- **Data for this task**:
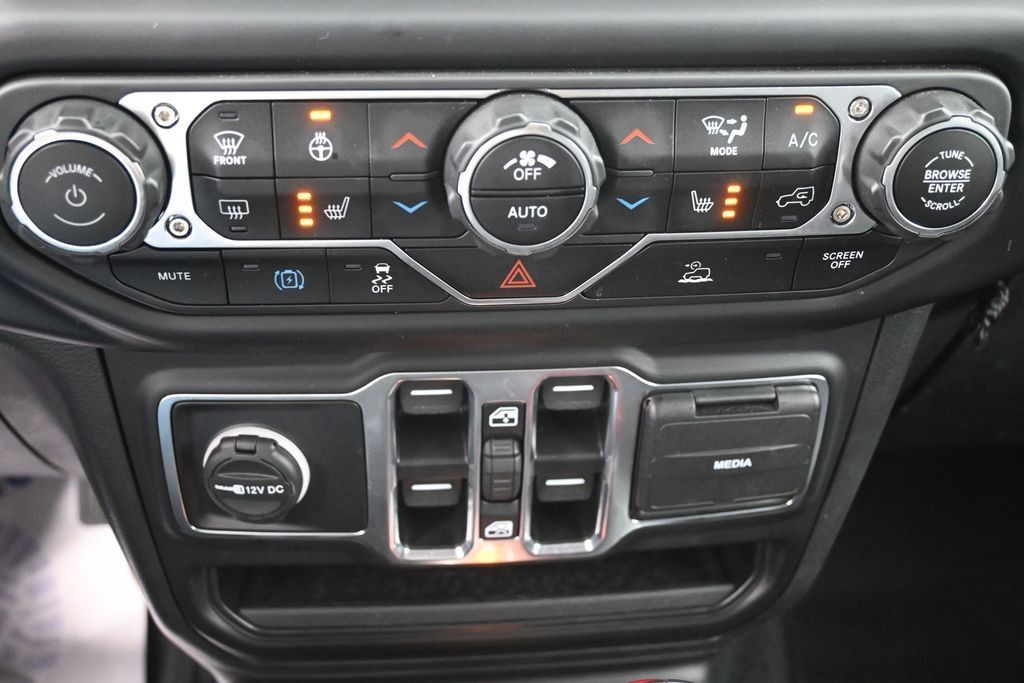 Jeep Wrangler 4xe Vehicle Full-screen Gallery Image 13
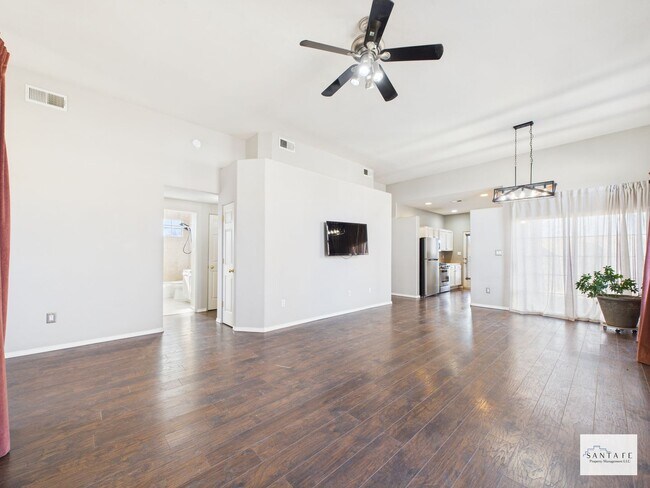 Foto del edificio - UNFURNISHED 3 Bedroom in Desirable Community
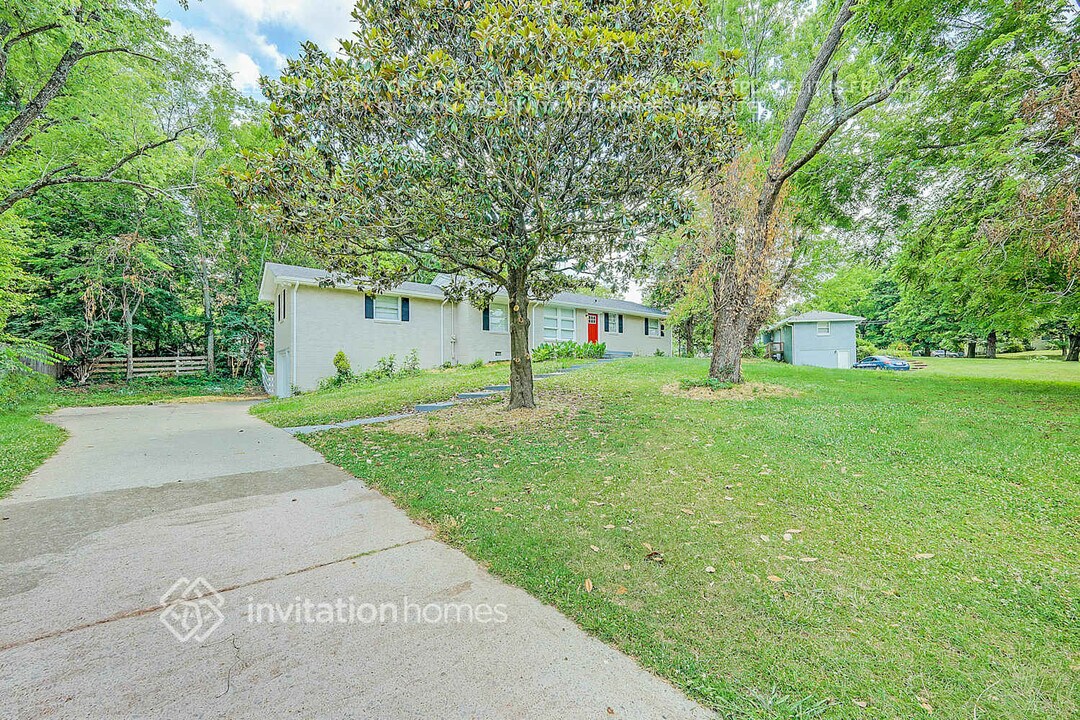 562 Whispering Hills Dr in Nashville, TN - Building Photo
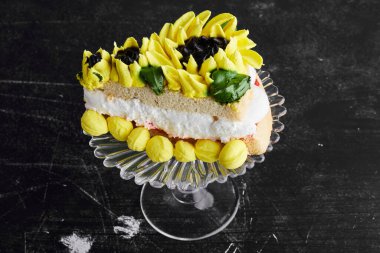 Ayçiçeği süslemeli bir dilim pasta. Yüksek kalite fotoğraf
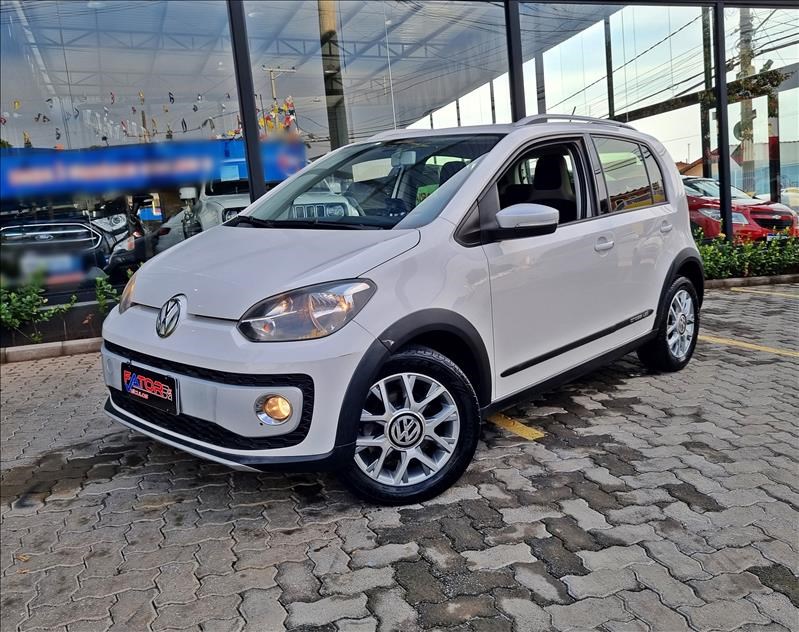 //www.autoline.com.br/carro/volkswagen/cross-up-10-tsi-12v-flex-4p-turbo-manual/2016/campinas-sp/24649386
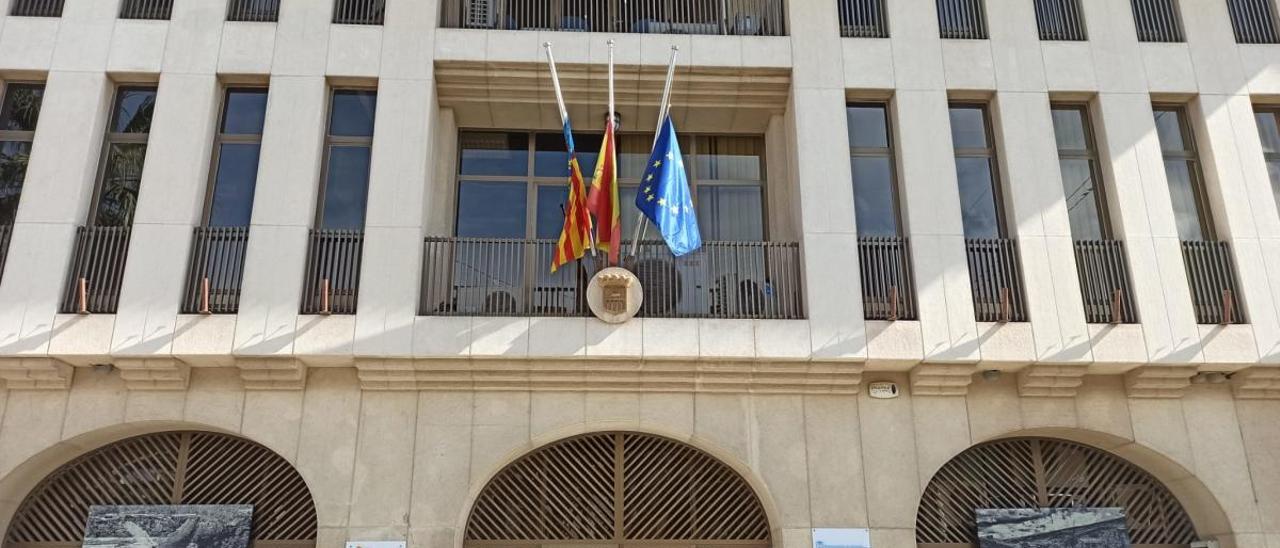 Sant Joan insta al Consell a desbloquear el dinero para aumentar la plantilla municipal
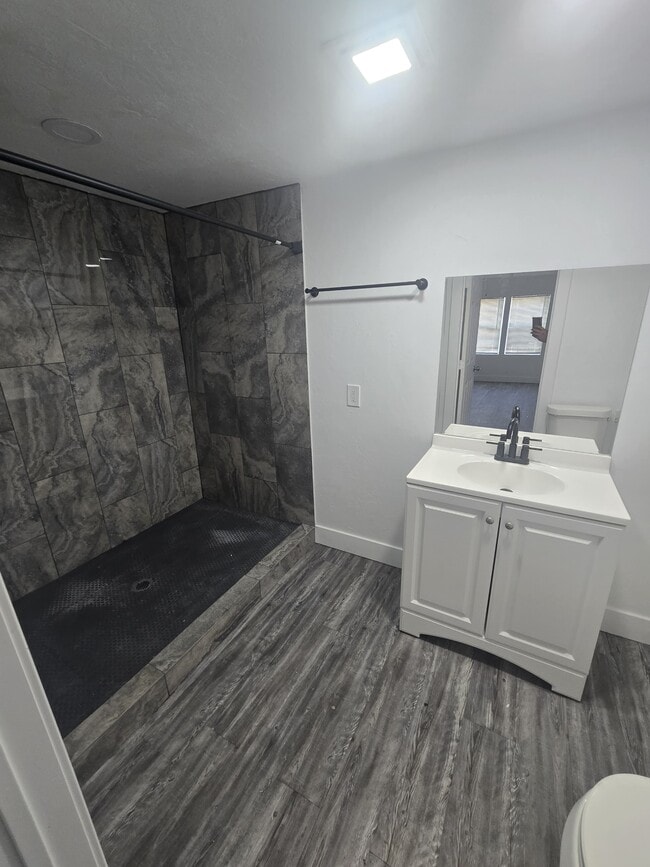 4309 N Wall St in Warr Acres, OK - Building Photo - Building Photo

--

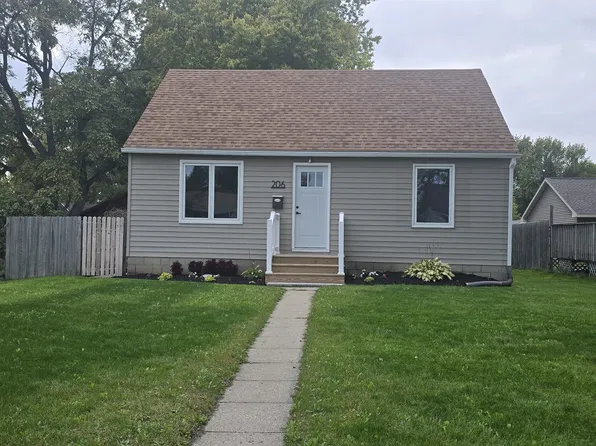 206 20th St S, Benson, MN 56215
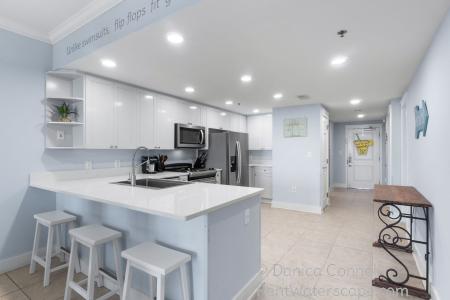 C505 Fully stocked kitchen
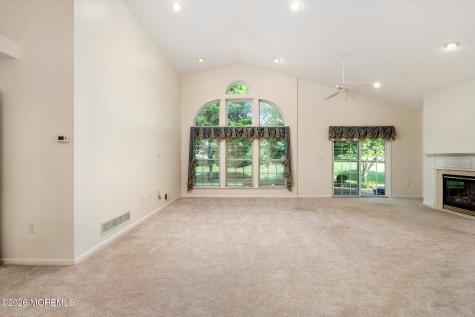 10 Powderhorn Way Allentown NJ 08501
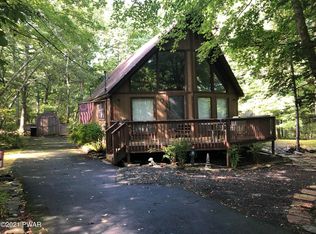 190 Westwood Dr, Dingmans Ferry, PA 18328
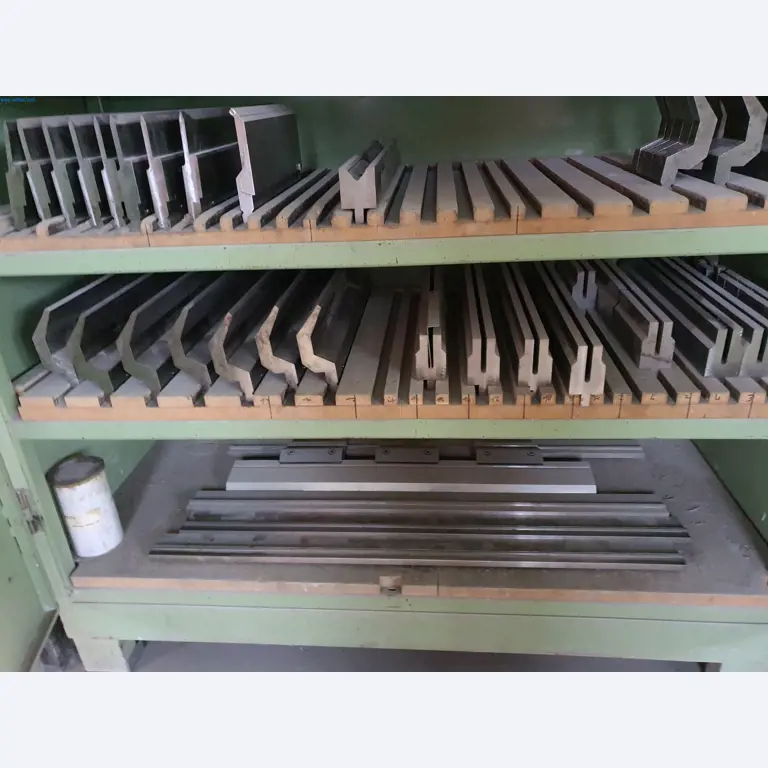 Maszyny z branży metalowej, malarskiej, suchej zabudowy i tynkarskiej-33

- **The problem**: Print, word for word, the lines above that run from the line containing "Jeep Wrangler 4xe" to the line containing "Ayçiçeği süslemeli bir", both included. Keep the pictures out.

- **Task output**:
 Jeep Wrangler 4xe Vehicle Full-screen Gallery Image 13
 Foto del edificio - UNFURNISHED 3 Bedroom in Desirable Community
 562 Whispering Hills Dr in Nashville, TN - Building Photo
 Ayçiçeği süslemeli bir dilim pasta. Yüksek kalite fotoğraf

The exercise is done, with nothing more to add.